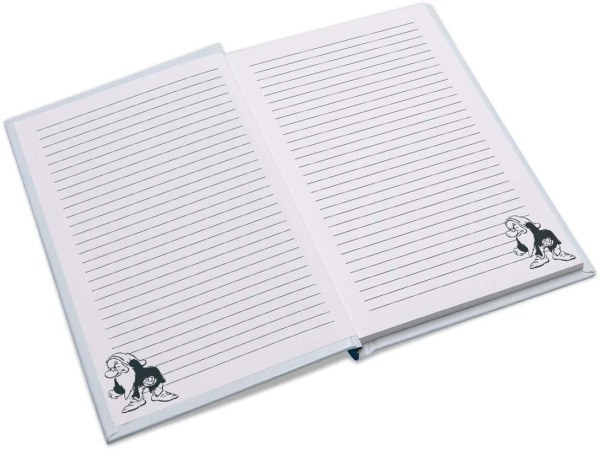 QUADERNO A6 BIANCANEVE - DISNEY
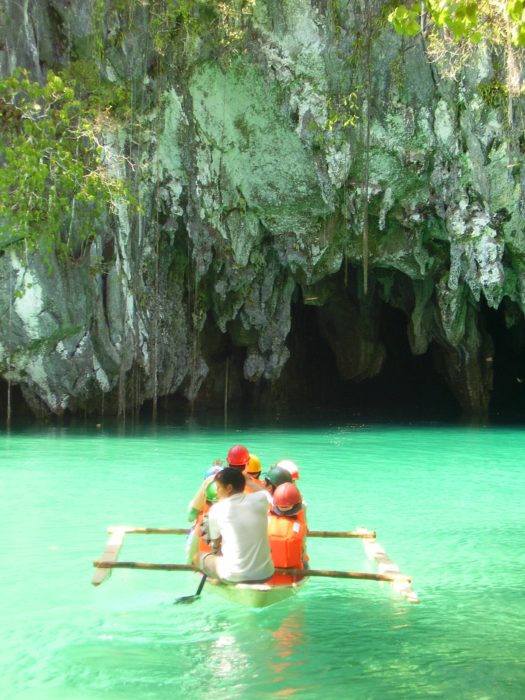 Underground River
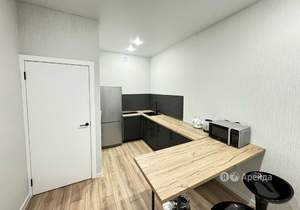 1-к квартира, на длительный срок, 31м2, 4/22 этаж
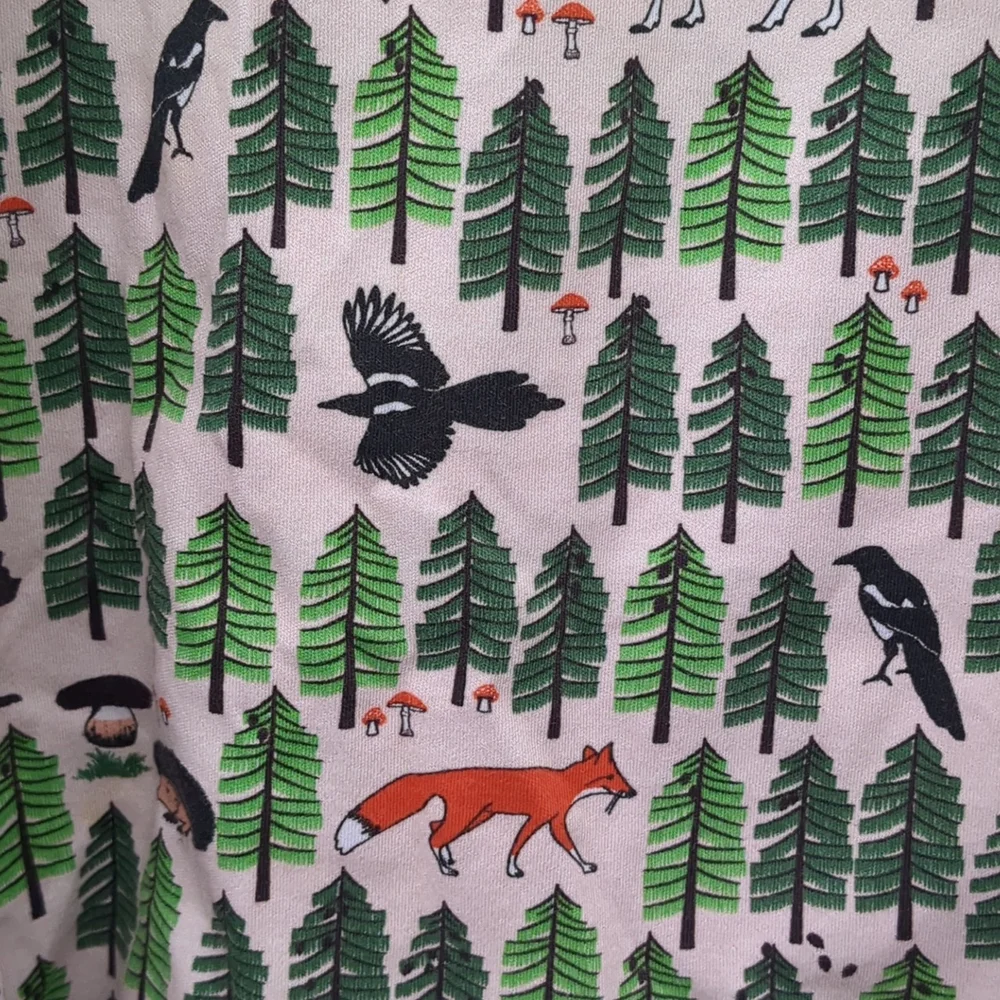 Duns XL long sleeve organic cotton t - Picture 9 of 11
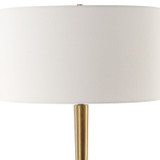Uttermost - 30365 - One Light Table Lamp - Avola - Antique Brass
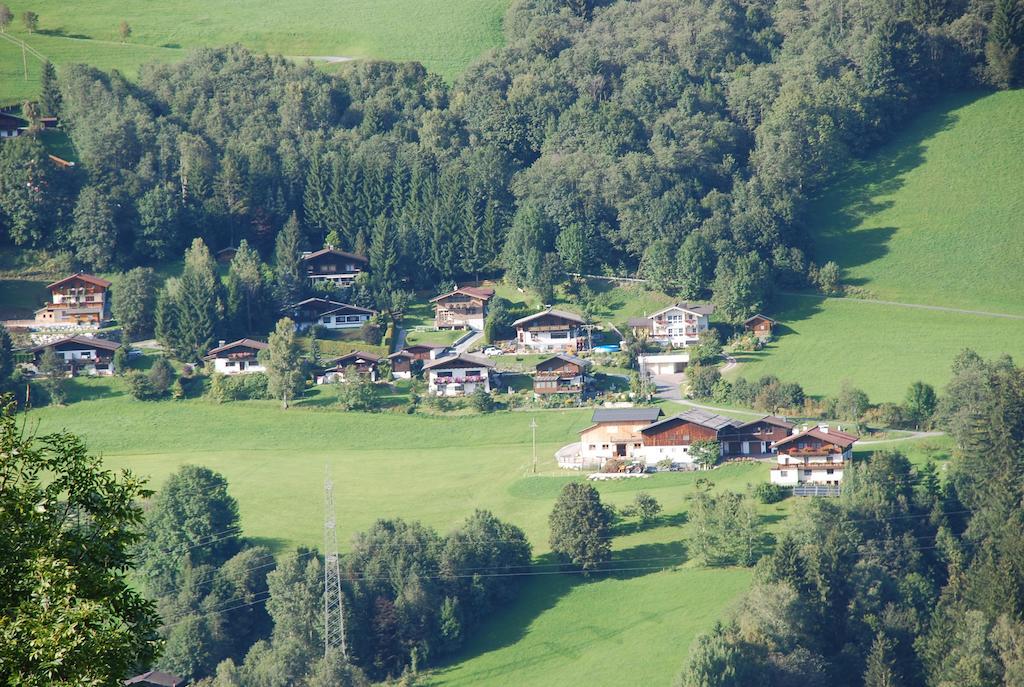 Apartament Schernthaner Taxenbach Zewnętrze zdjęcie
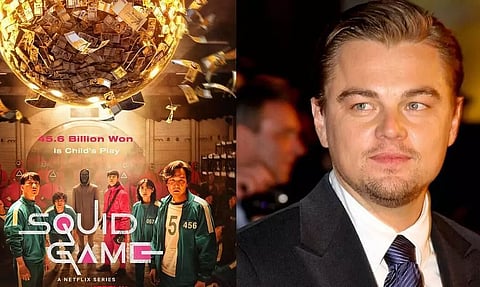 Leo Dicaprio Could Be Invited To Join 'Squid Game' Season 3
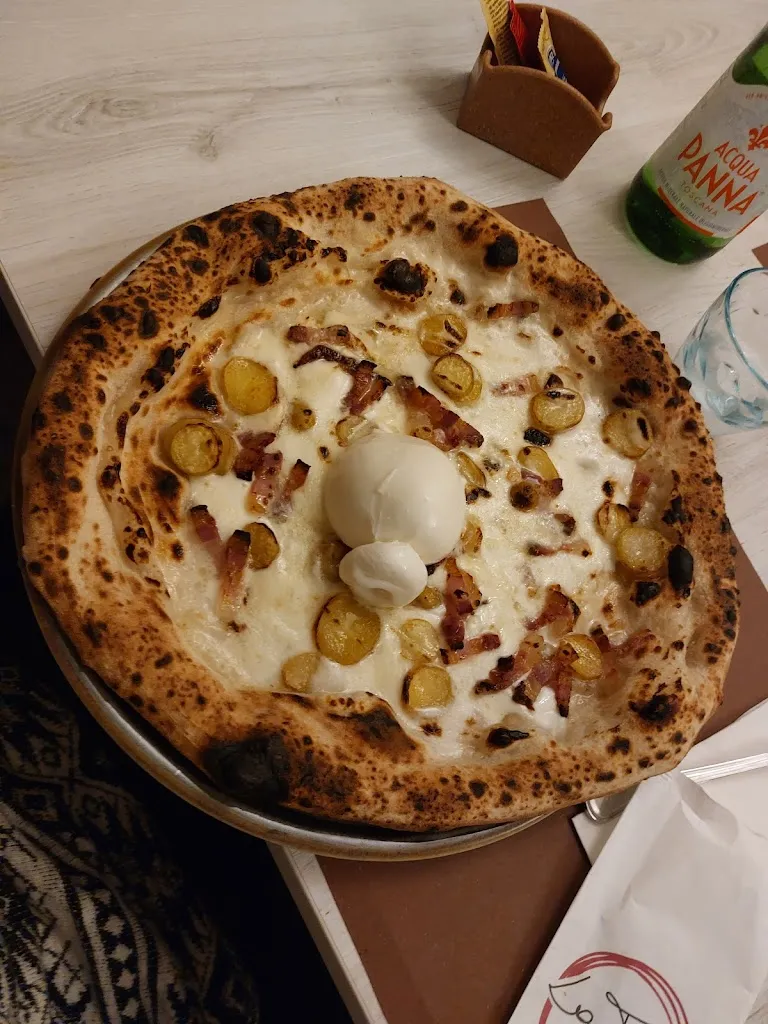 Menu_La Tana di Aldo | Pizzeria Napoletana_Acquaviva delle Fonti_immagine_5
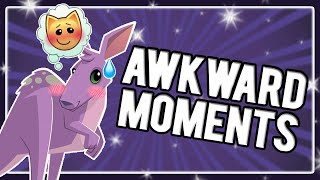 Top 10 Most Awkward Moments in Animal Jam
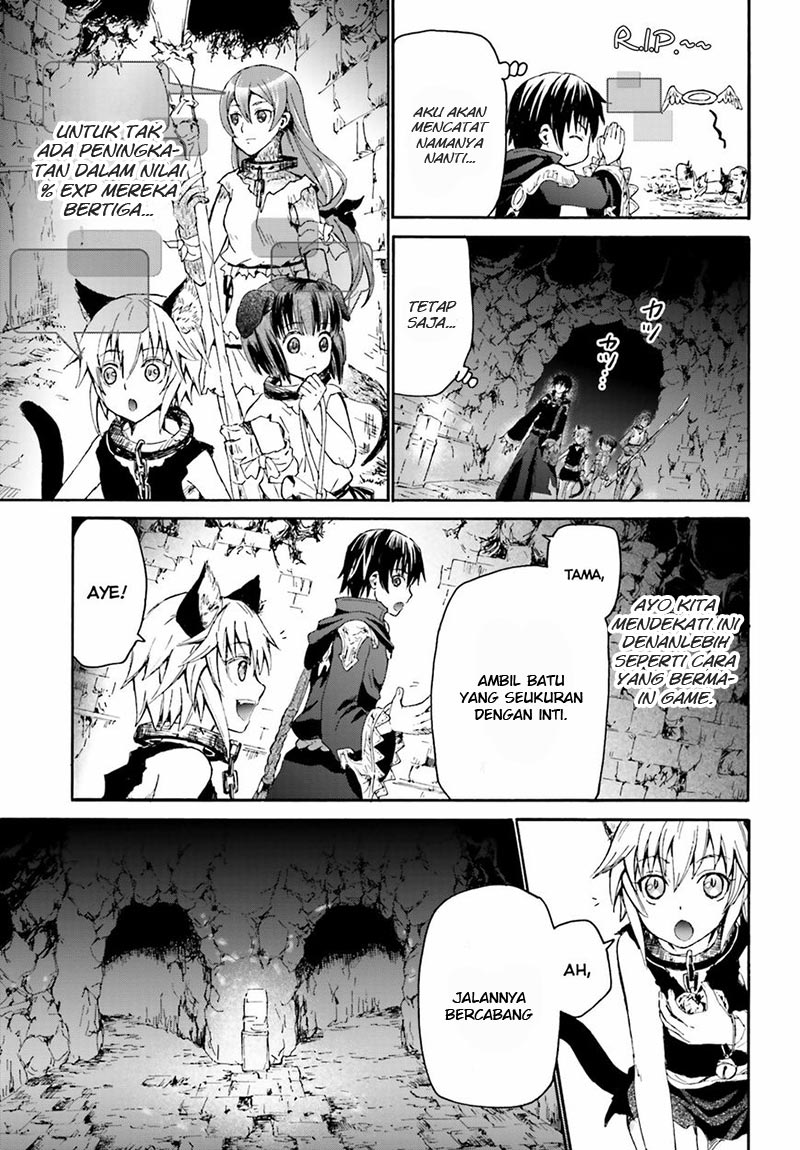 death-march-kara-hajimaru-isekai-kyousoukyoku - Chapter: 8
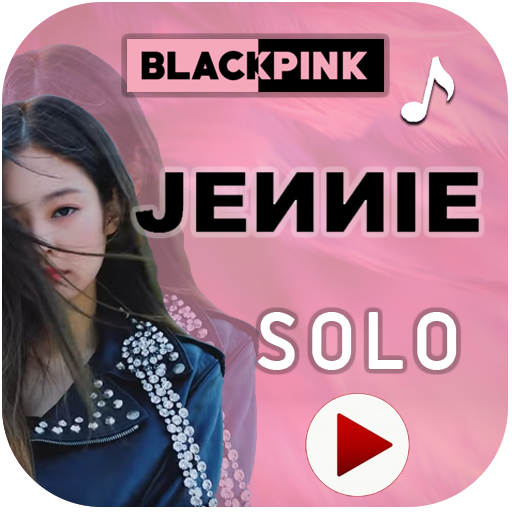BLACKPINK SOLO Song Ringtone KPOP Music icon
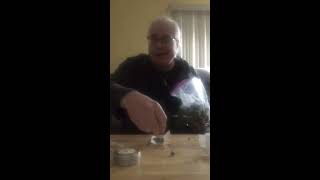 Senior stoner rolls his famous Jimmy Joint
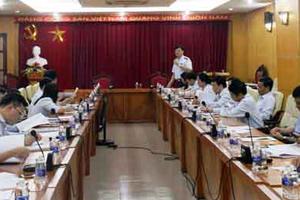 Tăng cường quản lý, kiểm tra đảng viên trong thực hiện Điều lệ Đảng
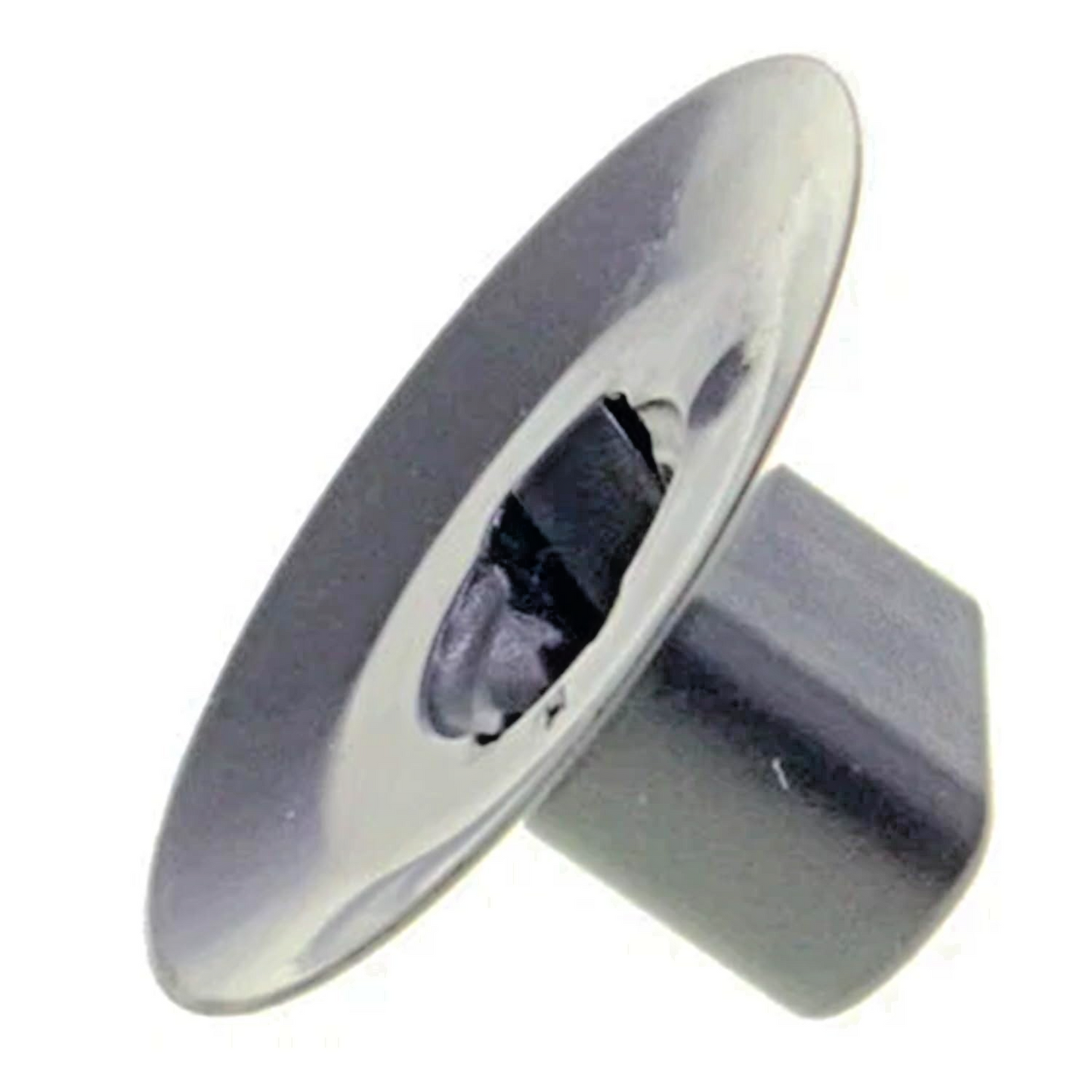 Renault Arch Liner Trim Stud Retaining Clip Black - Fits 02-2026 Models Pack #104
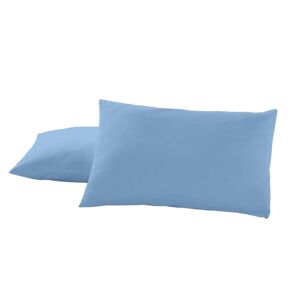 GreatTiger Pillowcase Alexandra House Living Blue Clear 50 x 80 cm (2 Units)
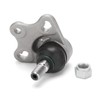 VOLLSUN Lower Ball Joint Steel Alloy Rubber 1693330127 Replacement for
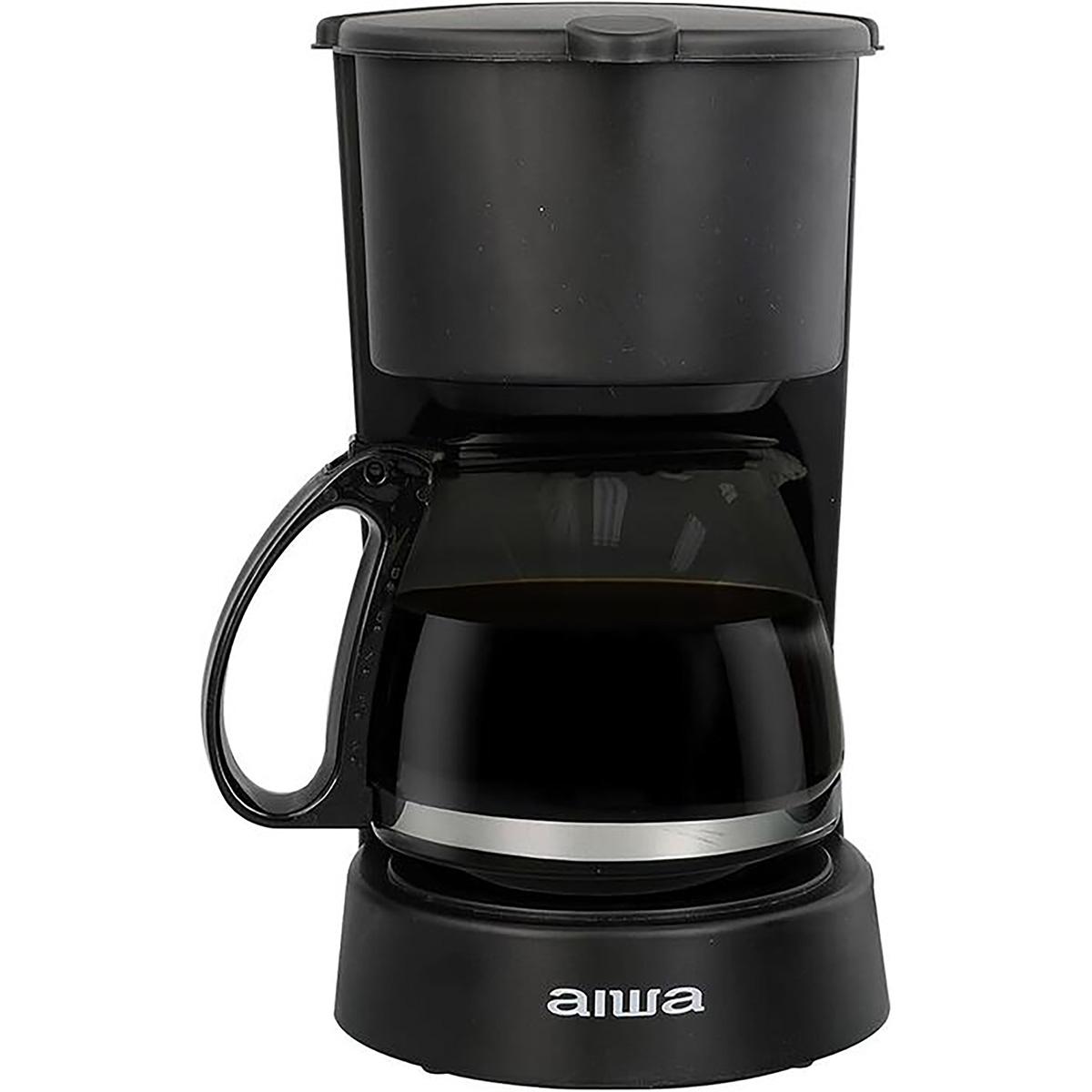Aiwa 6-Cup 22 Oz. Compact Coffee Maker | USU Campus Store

ASSIGNMENT:
Skipping every picture, reproduce the records word for word.

ANSWER FOR THIS EXERCISE:
 QUADERNO A6 BIANCANEVE - DISNEY
 Underground River
 1-к квартира, на длительный срок, 31м2, 4/22 этаж
 Duns XL long sleeve organic cotton t - Picture 9 of 11
Uttermost - 30365 - One Light Table Lamp - Avola - Antique Brass
 Apartament Schernthaner Taxenbach Zewnętrze zdjęcie
 Leo Dicaprio Could Be Invited To Join 'Squid Game' Season 3
 Menu_La Tana di Aldo | Pizzeria Napoletana_Acquaviva delle Fonti_immagine_5
 Top 10 Most Awkward Moments in Animal Jam
 death-march-kara-hajimaru-isekai-kyousoukyoku - Chapter: 8
BLACKPINK SOLO Song Ringtone KPOP Music icon
 Senior stoner rolls his famous Jimmy Joint
 Tăng cường quản lý, kiểm tra đảng viên trong thực hiện Điều lệ Đảng
 Renault Arch Liner Trim Stud Retaining Clip Black - Fits 02-2026 Models Pack #104
 GreatTiger Pillowcase Alexandra House Living Blue Clear 50 x 80 cm (2 Units)
 VOLLSUN Lower Ball Joint Steel Alloy Rubber 1693330127 Replacement for
Aiwa 6-Cup 22 Oz. Compact Coffee Maker | USU Campus Store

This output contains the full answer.